Lotto 29 | COPPA FAENZA, BALDASSARE MANARA, 1539 Maiolica, dipinta in policromia con...

Pandolfini Casa d'Aste - Borgo degli Albizi (Palazzo Ramirez-Montalvo) 26, 50122 Firenze
Importanti maioliche rinascimentali Sessione unica - dal lotto 1 al lotto 65
giovedì 1 ottobre 2015 ore 17:00 (UTC +01:00)

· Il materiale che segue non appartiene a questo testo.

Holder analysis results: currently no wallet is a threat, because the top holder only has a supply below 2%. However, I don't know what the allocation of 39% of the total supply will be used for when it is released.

COPPA FAENZA, BALDASSARE MANARA, 1539 Maiolica, dipinta in policromia con...

COPPA
FAENZA, BALDASSARE MANARA, 1539
Maiolica, dipinta in policromia con arancio, giallo antimonio, verde, blu, bruno di manganese nella tonalità nera, marrone e bianco di stagno.
Alt. cm 5,8, diam. bocca cm 25, diam. piede cm 10,5.
Sul retro la data “1539” entro cartiglio in color ocra .

SHALLOW BOWL
Faenza, Baldassarre Manara, 1539
Earthenware, painted in orange, antimony yellow, green, blue, blackish and brownish manganese, and tin white
H. 5.8 cm; mouth diam. 25 cm; foot diam. 10.5 cm
On the back, the date (‘1539’) in an ochre cartouche

La coppa presenta un cavetto concavo e tesa alta terminante in un orlo sottile arrotondato; poggia su un piede basso e privo di anello.
La rappresentazione si adatta alla forma del manufatto, assecondandone le curve e le convessità e raffigura un soggetto mitologico ambientato in un paesaggio racchiuso da alberi e quinte di montagne sullo sfondo. Una città turrita si confonde nel paesaggio tra montagne, prati ondeggianti e fiumi. I due protagonisti della scena, Marte e Venere, si affrontano al centro del piatto: Marte appoggiato a un albero, ai cui piedi si scorge Cupido intento a guardare la madre, ritta sulla destra del piatto con la mano alzata ad indicare il cielo dove un amorino appare reggendo nelle mani un arco, probabilmente destinato a Cupido, già armato di faretra. Poco distante due personaggi, intenti a dialogare, sembrano avvicinarsi alla radura in cui si svolge la vicenda.
Lo smalto è steso con abbondanza, i pigmenti trattati con estrema perizia, anche se sul retro sono presenti qualche difetto di cottura e qualche colatura all’orlo.
Il verso è dipinto interamente in ocra con motivo a embricazioni, al centro un cartiglio a fondo bruno marrone con scritta giallo antimonio “1539”, intorno al quale risaltano due rami di ulivo.
Si tratta a nostro avviso di un episodio dell’amore tra Marte e Venere di cui ci narra Ovidio nelle Metamorfosi (1) . Carmen Ravanelli Guidotti, che ha pubblicato l’opera qualche anno fa, pensava invece a Vulcano e Venere, ma a conferma della nostra ipotesi ci sembra di ritrovare una concreta somiglianza del personaggio raffigurato nel nostro piatto con il Marte di una incisione di Giulio Bonasone, con la sola variante del braccio alzato con la spada che pare comunque un attributo più idoneo al dio della Guerra.
La coppa in esame, pur in assenza di firma, si avvicina molto all’opera del maestro faentino, al punto che è stata inserita da Carmen Ravanelli Guidotti nella monografia su Baldassarre Manara (2) . La studiosa conferma l’attribuzione dell’opera al pittore faentino con la prudenza dovuta alla mancanza di verifica autoptica sul pezzo, noto solo per le numerose pubblicazioni (3) . Di grande interesse, oltre alla ricostruzione della storia collezionistica del pezzo, è il paragone che la studiosa introduce con le opere del “Pittore di Argo”, attivo in questo arco cronologico in area marchigiana, non escludendo un’influenza di questo tipo di pittura sul grande artefice faentino ormai giunto alla maturità artistica.
La presenza della data colloca la coppa tra le opere mature di Baldassarre Manara, quando, ormai affermato, tende a firmare o a datare i propri lavori.
Le notizie biografiche su questo celebre pittore sono scarse, ma la sua attività si colloca nella prima metà del XVI secolo. Sappiamo che proveniva da una famiglia di vasari, nota nella città di Faenza. Le attestazioni archivistiche sono scarse e abbiamo notizie dal 1529 fino al 1546-1547, anno supposto della morte (4).